Work instruction - The whole listing below must be printed again exactly, images excluded.

Dataset section -
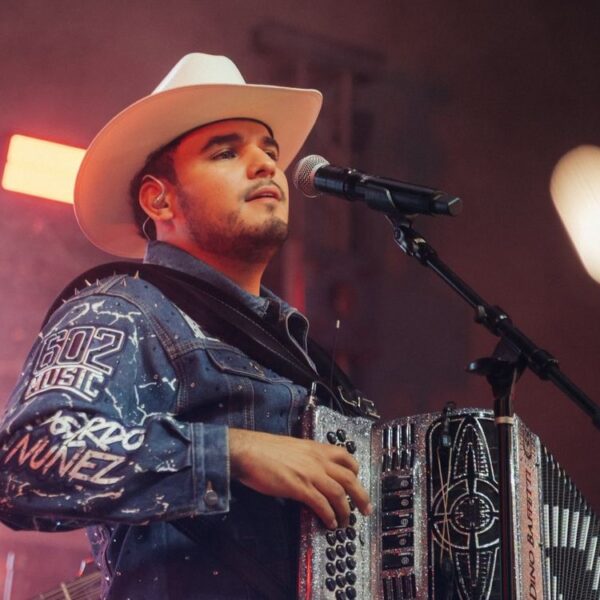 ¡Vuelve a casa! Edgardo Núñez anuncia concierto en Phoenix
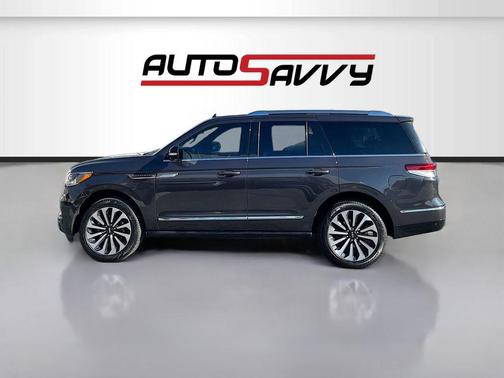 Gray Metallic 2024 Lincoln Navigator Reserve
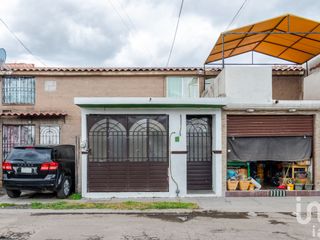 Casa en Venta en Los Héroes Coacalco, Estado de México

Expected output -
 ¡Vuelve a casa! Edgardo Núñez anuncia concierto en Phoenix
 Gray Metallic 2024 Lincoln Navigator Reserve
 Casa en Venta en Los Héroes Coacalco, Estado de México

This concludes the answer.